People with Down syndrome rarely, if ever, get solid-tumor cancers. National and international researchers, including USTAR scientist Dr. Julie Korenberg at the University of Utah, have discovered an extra copy of a gene in people with the syndrome.

Most Down syndrome people don't get solid-tumor cancers because they have an extra gene that does something cancer cells don't like.

Dr. Julie Korenberg
Dr. Julie Korenberg

"This gene is turning down a second gene, which is turning down another gene, which is turning down another gene, which is stopping blood vessels from growing," explained Dr. Korenberg.

While this extra gene may limit overall vascular growth in those with Down syndrome, they don't have solid tumors because tumors need blood vessels to get to the interior of the mass, where cancer cells are already having difficulty getting nutrients.

"If you can't grow more blood vessels to get them that food, they do starve.

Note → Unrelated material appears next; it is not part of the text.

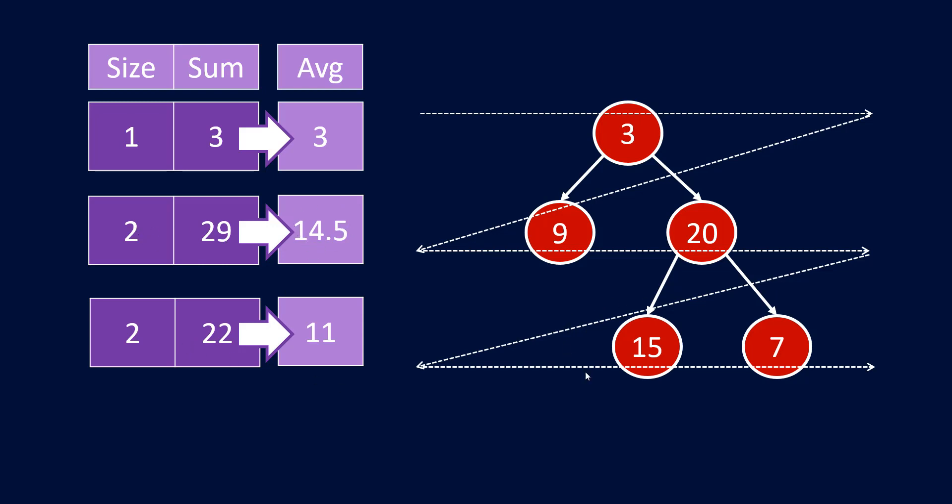On the last level, we have 2 nodes, so the size becomes 2 and the sum of these nodes is 22 and so the average becomes 22 by 2 which is 11. Now, how do you traverse in the level order?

The tumors starve and that's the end," Dr. Korenberg said.

**What is Down Syndrome?**
Down syndrome is a condition in which a baby is born with an extra chromosome. Chromosomes determine how a baby's body forms during pregnancy and how, as the baby grows in the womb and after birth, the baby's body functions. Normally, a baby is born with 46 chromosomes. Babies born with Down syndrome have an extra copy of one of these chromosomes. This extra copy changes the body's and brain's normal development and causes mental and physical problems for the baby. *-Centers for Disease Control and Prevention*
So, in someone who doesn't have Down syndrome but does have cancer, perhaps compounds pulled from a gene and prepared in a drug, then transported to the site of a tumor could shut down its lifelines to that tumor.

"It's not a matter of taking a gene and expressing it a hundred fold, which might not be good for things in the rest of our body. You're just over-expressing a little bit. So I think it's easy for us all to see that they may be the ideal thing," Korenberg said.

In fact, Dr. Korenberg says there already may be drugs used for other applications that just might flip the switch.

Discovery of this genetic pathway involved collaboration with the University of Utah, Harvard Medical School and Children's Hospital in Boston.